[DATA EXTRACT]
════════════════
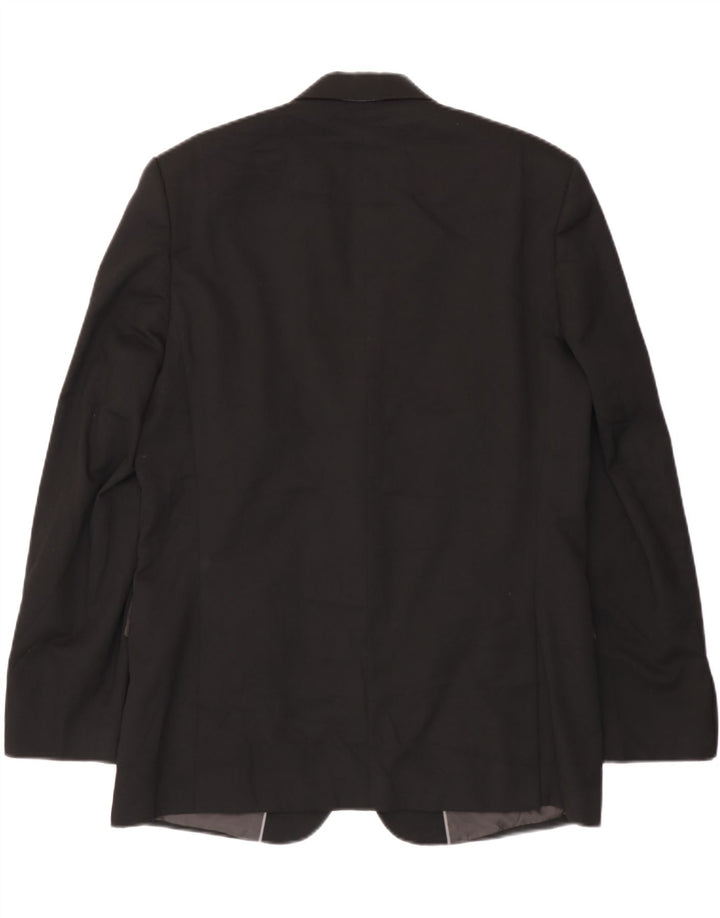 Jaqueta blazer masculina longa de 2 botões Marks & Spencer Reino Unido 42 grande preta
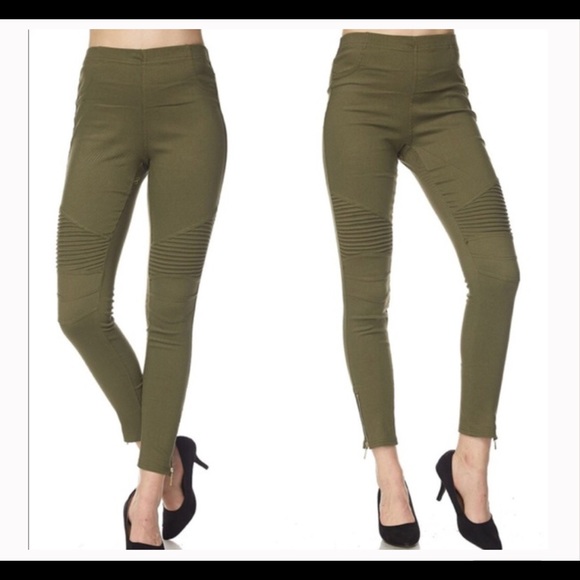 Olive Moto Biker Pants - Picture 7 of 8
════════════════
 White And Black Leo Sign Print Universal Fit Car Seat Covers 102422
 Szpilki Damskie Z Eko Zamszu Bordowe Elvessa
════════════════
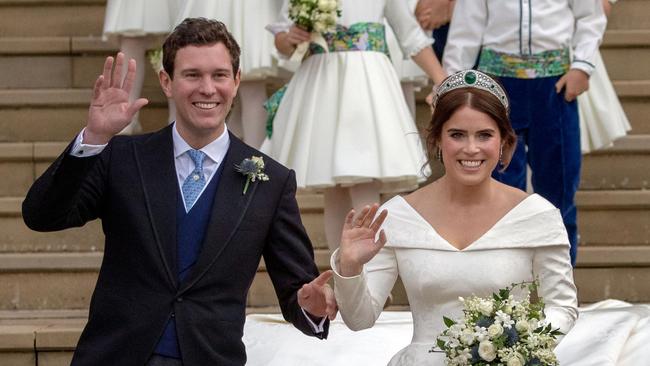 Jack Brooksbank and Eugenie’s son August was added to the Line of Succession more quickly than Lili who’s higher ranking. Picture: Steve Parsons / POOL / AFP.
════════════════
[INSTRUCTIONS FOR THE TASK]
Using the material above, reproduce only the lines that run from the line with "Jaqueta blazer masculina" up to and including the line with "Olive Moto Biker Pants - Picture 7 of 8", exactly, with the pictures dropped.

[RESULT OF THIS TASK]
 Jaqueta blazer masculina longa de 2 botões Marks & Spencer Reino Unido 42 grande preta
 Olive Moto Biker Pants - Picture 7 of 8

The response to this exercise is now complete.